Le cadre réglementaire des infrastructures collectives de recharge relevant du réseau public de distribution (RPD) a été adopté le 21 septembre 2022. Il ne concerne que les immeubles collectifs à usage principal d’habitation.

Les articles L. 353-12 et L. 353-13 du code de l’énergie (i) permettent aux gestionnaires de réseaux publics de distribution (GRD) de créer et de gérer des infrastructures collectives de recharge afin d’accélérer leur déploiement et (ii) réglementent strictement les conventions conclues entre un opérateur d’infrastructure de recharge de véhicules électriques (IRVE) et un propriétaire ou un syndicat de copropriétaires pour l’installation d’infrastructures collectives.

Une partie du cadre réglementaire des infrastructures collectives résulte du décret n° 2022-959 du 29 juin 2022, commenté dans un précédent article, qui précise le contenu des conventions conclues par des opérateurs d’IRVE.

L’autre volet du cadre réglementaire est entré en vigueur le 24 septembre, à l’issue de la publication du décret n° 2022-1249 du 21 septembre 2022 relatif au déploiement d’infrastructures collectives de recharge relevant du réseau public de distribution dans les immeubles collectifs.

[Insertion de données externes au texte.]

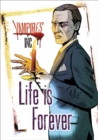 Vampires Inc: Life is Forever - Book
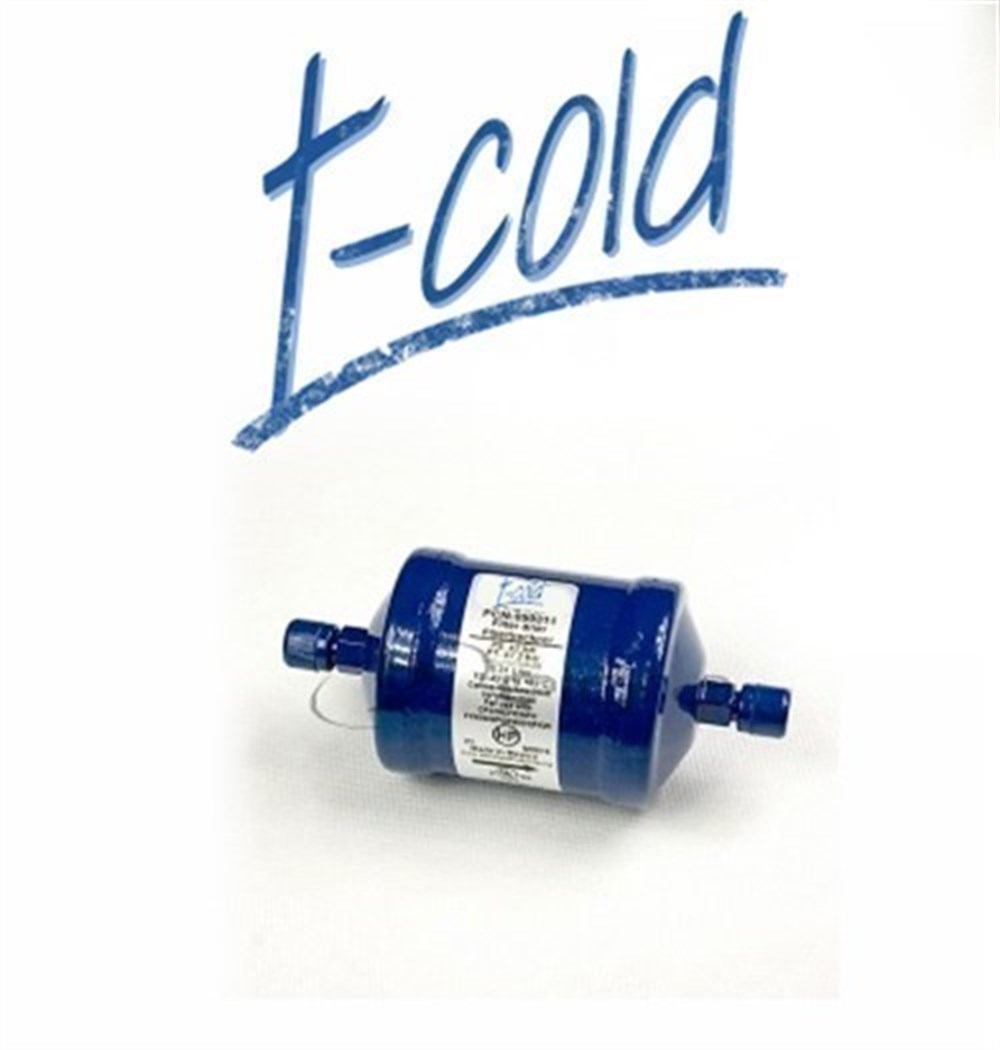 t-cold Likit Hattı Filter Drayer 1/4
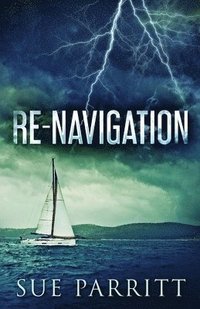 bokomslag Re-Navigation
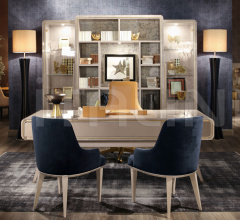 Стул HANAMI 4143 Стул HANAMI 4143 фабрика Redeco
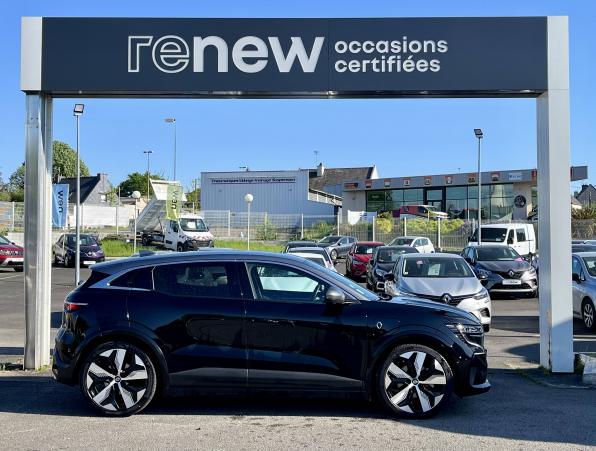 Vente en ligne Renault Megane E-Tech  EV60 220 ch optimum charge au prix de 24 490 €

C’est l’objet du présent article.

Le financement des infrastructures collectives relevant du réseau public d’électricité.

La création de l’infrastructure collective est supportée par les tarifs d’utilisation des réseaux publics d’électricité (TURPE). Deux éléments de cette prise en charge doivent cependant être distingués.

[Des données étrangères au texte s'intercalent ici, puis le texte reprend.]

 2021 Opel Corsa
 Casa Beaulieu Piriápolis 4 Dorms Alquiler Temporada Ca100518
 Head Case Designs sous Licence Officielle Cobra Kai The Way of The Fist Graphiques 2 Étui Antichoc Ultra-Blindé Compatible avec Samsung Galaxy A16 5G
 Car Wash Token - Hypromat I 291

En premier lieu, l’infrastructure collective bénéficie de la réfaction tarifaire mentionnée au 3° de l’article L. 341-2 du code de l’énergie. Il s’agit dont d’une prise en charge directe par le TURPE. Les travaux annexes rendus nécessaires par le déploiement de l’infrastructure collective en sont en revanche exclus.

En second lieu, la portion du coût de la création de l’infrastructure non couverte par la réfaction tarifaire, ainsi éventuellement que les travaux annexes, sont initialement pris en charge par le GRD. Il ne s’agit toutefois que d’un préfinancement puisque chaque utilisateur de l’infrastructure est redevable d’une double contribution pour son raccordement : la première pour les branchements individuels et la seconde pour l’infrastructure collective. Cette dernière contribution rappelle la quote-part versée par les producteurs d’électricité à partir de sources d’énergie renouvelables, au titre des ouvrages mutualisés dans le cadre de schémas régionaux de raccordement au réseau des énergies renouvelables.

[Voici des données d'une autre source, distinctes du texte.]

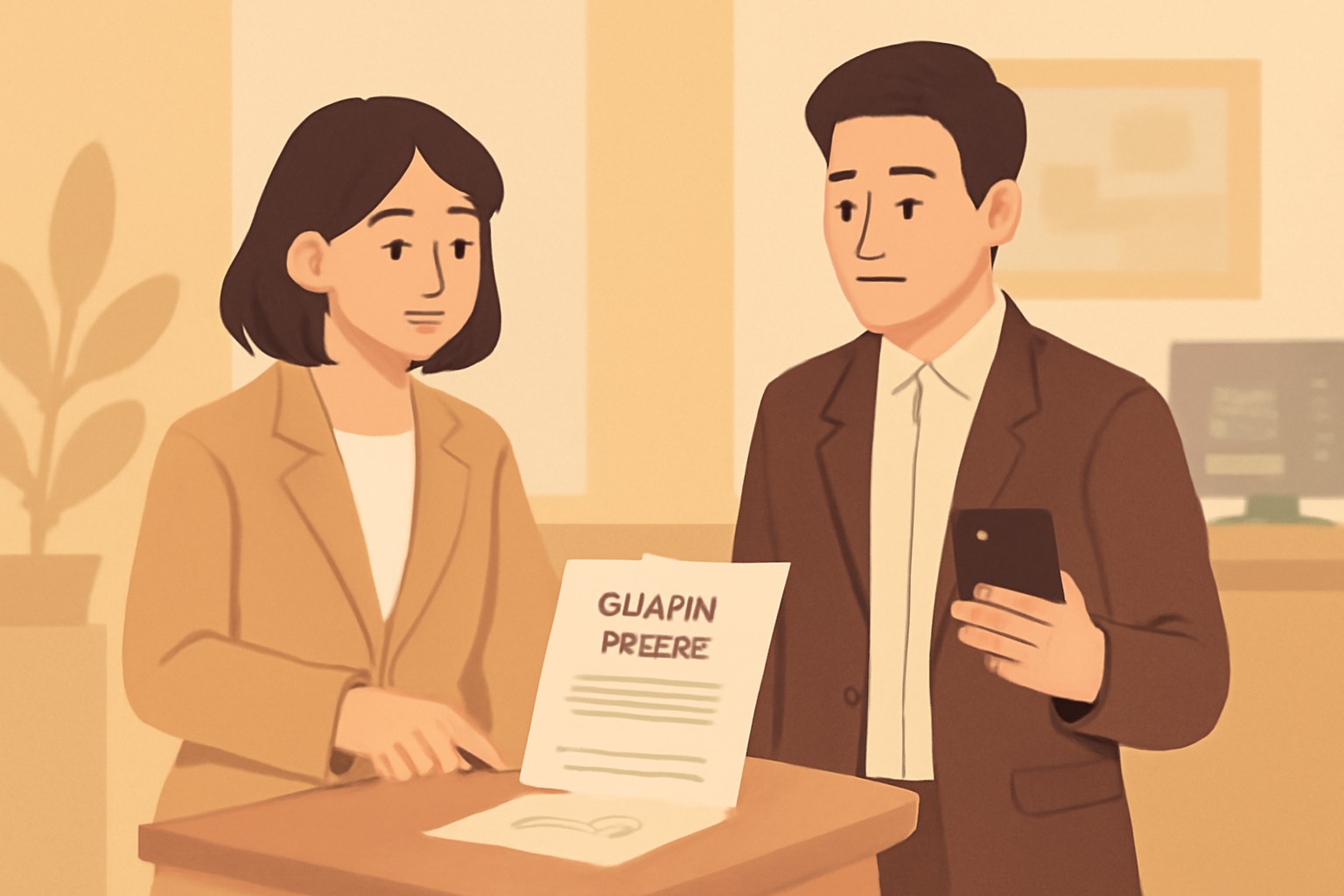 5 Langkah Menyusun Workflow Approval Reimbursement Yang Siap Untuk Skala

La contribution au titre de l’infrastructure collective est fixée en fonction de son coût, de la puissance de raccordement, du nombre d’emplacements et de l’évaluation du taux moyen d’équipement à long terme. Le ministre en charge de l’énergie fixe, après avis de la Commission de régulation de l’énergie (CRE), un seuil et un plafond dépendant de la puissance du branchement individuel. Le plafond n’est prévu qu’en cas de puissance de branchement individuel inférieure ou égale à 9 kilovoltampères, qui correspond à une puissance de charge faible pour un véhicule électrique.

L’instauration d’un plafond implique nécessairement que la prise en charge par le GRD des coûts qui ne sont pas couverts par la réfaction tarifaire n’est plus un simple préfinancement. C’est le TURPE qui supportera la différence entre coût total et somme des contributions plafonnées. Il en va de même des coûts échoués.

Le contenu de la convention conclue par le GRD.

La convention est conclue entre le GRD et le propriétaire de l’immeuble ou le syndicat de copropriétaires, à la suite de la demande de ce propriétaire ou du syndicat, d’un locataire ou même d’un opérateur d’IRVE. Elle doit correspondre au contenu fixé par le décret du 24 septembre.

La convention précise notamment le périmètre de desserte de l’infrastructure collective, la puissance des branchements individuels, la puissance totale de raccordement de l’infrastructure (qui ne correspond pas nécessairement à la somme des branchements individuels), le détail des travaux de l’infrastructure collective et des travaux annexes, les travaux complémentaires qui ne peuvent pas être réalisés par le GRD, ainsi que le détail des coûts et les règles de calcul des contributions – à la fois la contribution individuelle et la quote-part, celle-ci pouvant faire l’objet d’une actualisation annuelle dont la méthode doit être approuvée par la CRE.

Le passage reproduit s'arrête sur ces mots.